Kriging remains the method of choice for small-to-medium datasets (up to a few thousand points) where calibrated uncertainty is essential. Its main limitation is computational: solving the linear system $[K + \sigma_n^2 I]^{-1}\mathbf{y}$ costs $O(n^3)$ time and $O(n^2)$ memory, which becomes prohibitive as $n$ grows. Several approaches address this, or target different trade-offs entirely:

  • Radial Basis Function (RBF) interpolation: mathematically nearly identical to kriging — both are kernel methods sharing the same prediction formula — but without the probabilistic framework, so there is no uncertainty estimate. Common in mesh-free numerical methods and computer graphics.
  • Sparse / approximate GPs: replace the full $n \times n$ covariance system with a low-rank approximation using $m \ll n$ inducing points (methods: FITC, VFE, SVGP). Complexity drops to $O(nm^2)$, making GP regression practical for millions of observations. Libraries such as GPyTorch and GPflux implement these efficiently on GPU.
  • Random forests and gradient boosting (XGBoost, LightGBM): excel on high-dimensional, mixed-type tabular data and require little tuning. Uncertainty is available but approximate (quantile regression, conformal prediction). Unlike kriging, they do not interpolate exactly and their predictions outside the training range revert to the empirical mean.
  • Neural networks: scale to arbitrarily large datasets and can learn complex representations directly from raw inputs. Uncertainty requires extra effort (MC Dropout, deep ensembles, Bayesian NNs).

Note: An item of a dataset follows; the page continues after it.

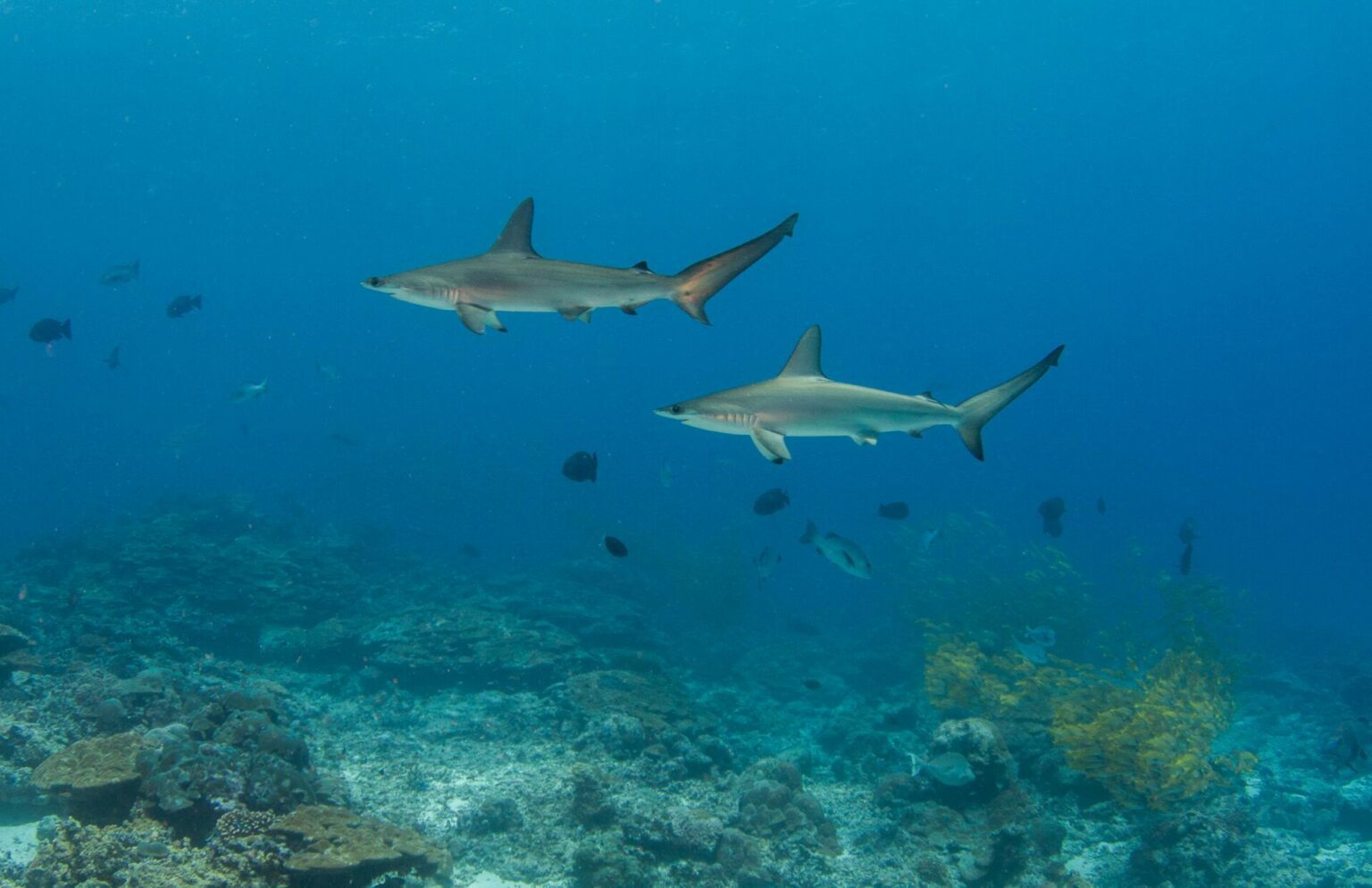 Alphonse Group has been designated an Important Shark & Ray Area (Blue Safari Seychelles)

Deep kernel learning combines a neural network feature extractor with a GP readout, capturing the representational power of deep learning with kriging-style uncertainty.
  • Neural Processes: a meta-learning framework that amortizes GP-style inference into a neural network, enabling fast predictions for new observation sets without solving a linear system at test time.


Kriging is the natural starting point when the dataset is small (up to a few thousand points), the inputs are continuous and low-dimensional, and a reliable uncertainty estimate is required — as in surrogate modeling for expensive simulations, spatial mapping in geosciences, or as the probabilistic model inside a Bayesian optimization loop. For larger datasets or high-dimensional inputs, sparse GP approximations or deep learning methods are more practical, though they typically sacrifice some of the theoretical elegance and calibration guarantees that kriging provides.

To conclude, kriging is more than an interpolation formula — it is a fully probabilistic model that provides both a prediction and a calibrated uncertainty estimate. Its key ingredients are:

  1. A Gaussian process prior over functions, specified entirely by a covariance kernel.
  2. A covariance kernel (e.g. the Matérn family) that encodes smoothness assumptions via $\nu$ and controls the correlation range via the length scale $\ell$.
  3. Closed-form Bayesian updating: conditioning on data yields a tractable Gaussian predictive distribution with mean $\mu^\star$ and variance ${\sigma^\star}^2$ given by simple linear-algebra expressions.
  4. Hyperparameter optimization via marginal likelihood maximization, which balances data fit against model complexity.

The uncertainty estimate $\sigma^\star$ is large where data is sparse and collapses to zero at training points in the noise-free case. This property is exploited directly in Bayesian optimization, where acquisition functions such as Expected Improvement use both $\mu^\star$ and $\sigma^\star$ to balance exploitation and exploration.